Dataset extract below:

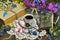 Still life with witch diary, tea cup, primrose, sweets and magic objects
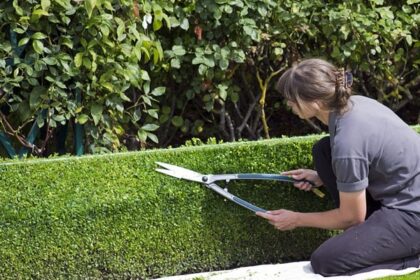 When Is the Best Time to Shear Hedges?
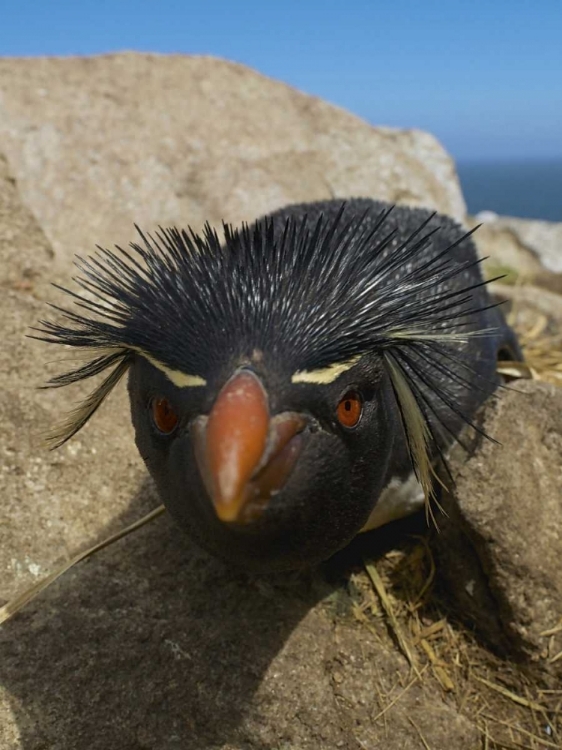 Picture of FALKLAND ISLANDS CLOSE-UP OF ROCKHOPPER PENGUIN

End of Dataset extract.

What you will do: Omit the images; transcribe the listing verbatim.

Task answer:
 Still life with witch diary, tea cup, primrose, sweets and magic objects
 When Is the Best Time to Shear Hedges?
 Picture of FALKLAND ISLANDS CLOSE-UP OF ROCKHOPPER PENGUIN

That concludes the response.